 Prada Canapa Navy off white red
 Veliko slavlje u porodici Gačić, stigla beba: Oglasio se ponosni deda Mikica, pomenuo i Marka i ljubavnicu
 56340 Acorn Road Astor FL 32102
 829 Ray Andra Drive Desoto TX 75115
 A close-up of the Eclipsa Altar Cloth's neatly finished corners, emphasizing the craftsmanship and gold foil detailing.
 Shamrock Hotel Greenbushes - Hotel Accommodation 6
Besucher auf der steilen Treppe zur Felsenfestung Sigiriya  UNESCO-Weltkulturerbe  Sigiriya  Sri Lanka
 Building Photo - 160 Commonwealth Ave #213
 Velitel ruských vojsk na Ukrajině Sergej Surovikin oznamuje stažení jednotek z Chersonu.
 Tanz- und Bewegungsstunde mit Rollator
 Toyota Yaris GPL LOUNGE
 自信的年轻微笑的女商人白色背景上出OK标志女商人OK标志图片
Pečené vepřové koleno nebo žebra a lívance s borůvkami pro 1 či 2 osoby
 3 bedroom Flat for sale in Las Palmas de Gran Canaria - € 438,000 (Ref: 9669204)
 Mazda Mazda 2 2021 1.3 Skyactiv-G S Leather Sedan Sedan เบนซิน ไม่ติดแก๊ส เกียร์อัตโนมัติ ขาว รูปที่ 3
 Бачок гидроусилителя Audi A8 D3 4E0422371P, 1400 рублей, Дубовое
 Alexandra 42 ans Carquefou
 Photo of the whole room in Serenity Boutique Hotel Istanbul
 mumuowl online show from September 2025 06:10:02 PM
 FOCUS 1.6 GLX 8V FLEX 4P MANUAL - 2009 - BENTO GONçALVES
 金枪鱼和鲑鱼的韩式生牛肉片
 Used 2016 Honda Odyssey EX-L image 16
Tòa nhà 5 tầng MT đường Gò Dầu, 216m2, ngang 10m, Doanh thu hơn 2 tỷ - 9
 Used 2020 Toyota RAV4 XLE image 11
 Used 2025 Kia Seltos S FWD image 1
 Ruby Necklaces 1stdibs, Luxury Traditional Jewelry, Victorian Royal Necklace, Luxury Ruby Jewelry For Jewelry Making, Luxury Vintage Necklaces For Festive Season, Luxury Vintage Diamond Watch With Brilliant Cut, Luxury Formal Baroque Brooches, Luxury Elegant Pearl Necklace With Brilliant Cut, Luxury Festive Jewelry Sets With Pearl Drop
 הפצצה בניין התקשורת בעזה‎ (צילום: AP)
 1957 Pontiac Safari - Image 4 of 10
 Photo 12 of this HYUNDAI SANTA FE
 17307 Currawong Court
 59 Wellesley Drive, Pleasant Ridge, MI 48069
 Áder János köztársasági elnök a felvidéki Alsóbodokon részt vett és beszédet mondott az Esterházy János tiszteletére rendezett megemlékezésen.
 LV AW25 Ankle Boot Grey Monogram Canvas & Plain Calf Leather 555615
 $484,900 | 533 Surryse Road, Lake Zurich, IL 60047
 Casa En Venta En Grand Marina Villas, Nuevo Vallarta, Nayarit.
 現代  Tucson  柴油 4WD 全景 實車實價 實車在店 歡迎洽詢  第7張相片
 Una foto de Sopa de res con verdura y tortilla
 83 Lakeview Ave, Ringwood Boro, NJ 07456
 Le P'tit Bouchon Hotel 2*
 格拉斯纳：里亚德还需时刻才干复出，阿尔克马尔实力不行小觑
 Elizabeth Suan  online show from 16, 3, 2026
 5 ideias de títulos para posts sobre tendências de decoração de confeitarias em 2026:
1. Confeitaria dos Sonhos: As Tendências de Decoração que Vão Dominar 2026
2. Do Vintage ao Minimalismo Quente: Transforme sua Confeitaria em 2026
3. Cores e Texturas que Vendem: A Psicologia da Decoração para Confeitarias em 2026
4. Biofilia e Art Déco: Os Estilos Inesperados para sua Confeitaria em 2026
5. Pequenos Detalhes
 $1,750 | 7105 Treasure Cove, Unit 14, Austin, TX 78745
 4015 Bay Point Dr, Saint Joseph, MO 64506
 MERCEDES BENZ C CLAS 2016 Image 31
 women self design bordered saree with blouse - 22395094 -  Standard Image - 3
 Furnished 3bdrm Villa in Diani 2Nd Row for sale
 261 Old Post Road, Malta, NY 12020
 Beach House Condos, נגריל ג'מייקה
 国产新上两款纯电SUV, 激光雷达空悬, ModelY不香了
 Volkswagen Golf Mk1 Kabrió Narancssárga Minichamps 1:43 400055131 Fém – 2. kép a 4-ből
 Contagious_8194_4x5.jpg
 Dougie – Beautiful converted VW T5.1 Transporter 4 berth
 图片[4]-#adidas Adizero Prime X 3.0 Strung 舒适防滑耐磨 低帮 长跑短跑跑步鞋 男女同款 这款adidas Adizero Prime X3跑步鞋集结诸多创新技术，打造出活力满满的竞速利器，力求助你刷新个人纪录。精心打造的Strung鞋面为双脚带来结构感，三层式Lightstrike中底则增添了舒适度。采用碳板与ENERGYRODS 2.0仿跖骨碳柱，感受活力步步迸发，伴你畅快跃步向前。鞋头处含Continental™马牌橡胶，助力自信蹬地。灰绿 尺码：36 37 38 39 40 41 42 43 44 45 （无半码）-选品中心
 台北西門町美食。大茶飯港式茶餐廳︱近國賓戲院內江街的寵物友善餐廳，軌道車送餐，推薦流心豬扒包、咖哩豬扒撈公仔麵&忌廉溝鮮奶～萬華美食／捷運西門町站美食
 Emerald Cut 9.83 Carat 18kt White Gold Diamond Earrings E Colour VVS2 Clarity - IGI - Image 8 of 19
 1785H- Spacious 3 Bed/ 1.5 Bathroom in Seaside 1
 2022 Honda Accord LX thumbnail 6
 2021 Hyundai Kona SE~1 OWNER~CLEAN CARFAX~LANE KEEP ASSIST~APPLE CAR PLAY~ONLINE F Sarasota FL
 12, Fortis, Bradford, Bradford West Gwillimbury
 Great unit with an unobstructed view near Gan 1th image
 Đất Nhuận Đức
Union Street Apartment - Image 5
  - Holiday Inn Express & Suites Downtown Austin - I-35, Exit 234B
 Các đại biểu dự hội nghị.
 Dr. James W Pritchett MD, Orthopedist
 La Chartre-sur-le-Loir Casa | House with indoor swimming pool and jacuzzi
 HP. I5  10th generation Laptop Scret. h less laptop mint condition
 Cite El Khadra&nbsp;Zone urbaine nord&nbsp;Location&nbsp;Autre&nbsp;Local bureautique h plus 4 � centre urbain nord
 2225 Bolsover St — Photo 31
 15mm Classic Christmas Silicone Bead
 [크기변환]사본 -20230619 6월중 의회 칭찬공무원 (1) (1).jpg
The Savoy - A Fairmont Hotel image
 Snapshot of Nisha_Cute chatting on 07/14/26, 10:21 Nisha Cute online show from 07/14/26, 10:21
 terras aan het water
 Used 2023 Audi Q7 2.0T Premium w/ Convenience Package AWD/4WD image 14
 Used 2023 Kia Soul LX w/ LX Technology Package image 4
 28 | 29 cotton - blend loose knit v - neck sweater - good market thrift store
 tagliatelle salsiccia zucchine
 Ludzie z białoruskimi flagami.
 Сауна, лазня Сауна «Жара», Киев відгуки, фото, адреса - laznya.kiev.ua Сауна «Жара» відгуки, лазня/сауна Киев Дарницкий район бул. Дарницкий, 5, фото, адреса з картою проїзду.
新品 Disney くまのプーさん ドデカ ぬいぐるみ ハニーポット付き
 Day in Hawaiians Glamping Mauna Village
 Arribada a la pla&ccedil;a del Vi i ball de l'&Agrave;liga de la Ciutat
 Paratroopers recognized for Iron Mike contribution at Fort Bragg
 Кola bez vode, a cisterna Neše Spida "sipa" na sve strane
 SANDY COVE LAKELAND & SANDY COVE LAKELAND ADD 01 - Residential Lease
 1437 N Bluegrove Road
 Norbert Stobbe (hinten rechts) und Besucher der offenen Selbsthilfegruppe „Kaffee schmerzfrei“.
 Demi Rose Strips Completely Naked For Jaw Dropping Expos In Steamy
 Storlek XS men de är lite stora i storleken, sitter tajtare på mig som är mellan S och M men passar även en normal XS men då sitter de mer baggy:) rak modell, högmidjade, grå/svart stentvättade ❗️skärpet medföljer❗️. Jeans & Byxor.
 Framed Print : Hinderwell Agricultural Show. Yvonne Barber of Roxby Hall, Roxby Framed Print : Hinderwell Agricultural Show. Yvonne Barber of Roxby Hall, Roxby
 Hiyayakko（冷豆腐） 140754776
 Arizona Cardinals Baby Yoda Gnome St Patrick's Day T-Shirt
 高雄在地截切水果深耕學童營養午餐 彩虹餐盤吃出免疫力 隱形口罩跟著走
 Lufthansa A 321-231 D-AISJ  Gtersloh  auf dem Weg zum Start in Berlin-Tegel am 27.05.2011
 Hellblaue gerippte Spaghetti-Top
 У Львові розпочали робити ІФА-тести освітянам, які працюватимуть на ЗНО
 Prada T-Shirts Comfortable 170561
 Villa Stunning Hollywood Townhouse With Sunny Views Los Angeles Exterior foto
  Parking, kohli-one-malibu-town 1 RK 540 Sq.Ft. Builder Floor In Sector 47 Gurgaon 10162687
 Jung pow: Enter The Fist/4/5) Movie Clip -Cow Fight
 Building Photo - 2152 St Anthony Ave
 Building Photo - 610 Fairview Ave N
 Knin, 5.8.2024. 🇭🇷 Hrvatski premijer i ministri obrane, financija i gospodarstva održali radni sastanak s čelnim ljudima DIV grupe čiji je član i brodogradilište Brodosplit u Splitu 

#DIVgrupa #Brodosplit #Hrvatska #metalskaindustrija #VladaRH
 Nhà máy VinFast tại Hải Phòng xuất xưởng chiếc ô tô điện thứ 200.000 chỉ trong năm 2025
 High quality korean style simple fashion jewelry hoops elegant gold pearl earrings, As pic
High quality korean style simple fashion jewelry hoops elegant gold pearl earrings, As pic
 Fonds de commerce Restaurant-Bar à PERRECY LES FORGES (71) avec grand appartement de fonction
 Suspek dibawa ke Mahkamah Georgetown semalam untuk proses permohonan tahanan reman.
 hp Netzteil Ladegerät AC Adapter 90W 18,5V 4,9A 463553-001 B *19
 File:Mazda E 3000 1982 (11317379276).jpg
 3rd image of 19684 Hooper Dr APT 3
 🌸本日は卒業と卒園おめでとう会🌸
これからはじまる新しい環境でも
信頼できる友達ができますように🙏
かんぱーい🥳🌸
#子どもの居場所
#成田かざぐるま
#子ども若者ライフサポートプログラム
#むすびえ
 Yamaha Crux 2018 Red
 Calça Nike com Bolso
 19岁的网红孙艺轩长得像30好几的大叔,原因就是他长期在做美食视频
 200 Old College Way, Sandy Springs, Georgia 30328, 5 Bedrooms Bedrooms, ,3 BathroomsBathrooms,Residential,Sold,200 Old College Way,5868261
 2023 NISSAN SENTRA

§ **WHAT YOU HAVE TO DO**: From the listing above, output exactly the run of lines that starts with the line containing "Union Street Apartment - Image 5" and ends with the line containing "[크기변환]사본 -20230619 6월중 의회 칭찬공무원 (1) (1).jpg".

§ **SOLUTION TO THE EXERCISE**:
Union Street Apartment - Image 5
  - Holiday Inn Express & Suites Downtown Austin - I-35, Exit 234B
 Các đại biểu dự hội nghị.
 Dr. James W Pritchett MD, Orthopedist
 La Chartre-sur-le-Loir Casa | House with indoor swimming pool and jacuzzi
 HP. I5  10th generation Laptop Scret. h less laptop mint condition
 Cite El Khadra&nbsp;Zone urbaine nord&nbsp;Location&nbsp;Autre&nbsp;Local bureautique h plus 4 � centre urbain nord
 2225 Bolsover St — Photo 31
 15mm Classic Christmas Silicone Bead
 [크기변환]사본 -20230619 6월중 의회 칭찬공무원 (1) (1).jpg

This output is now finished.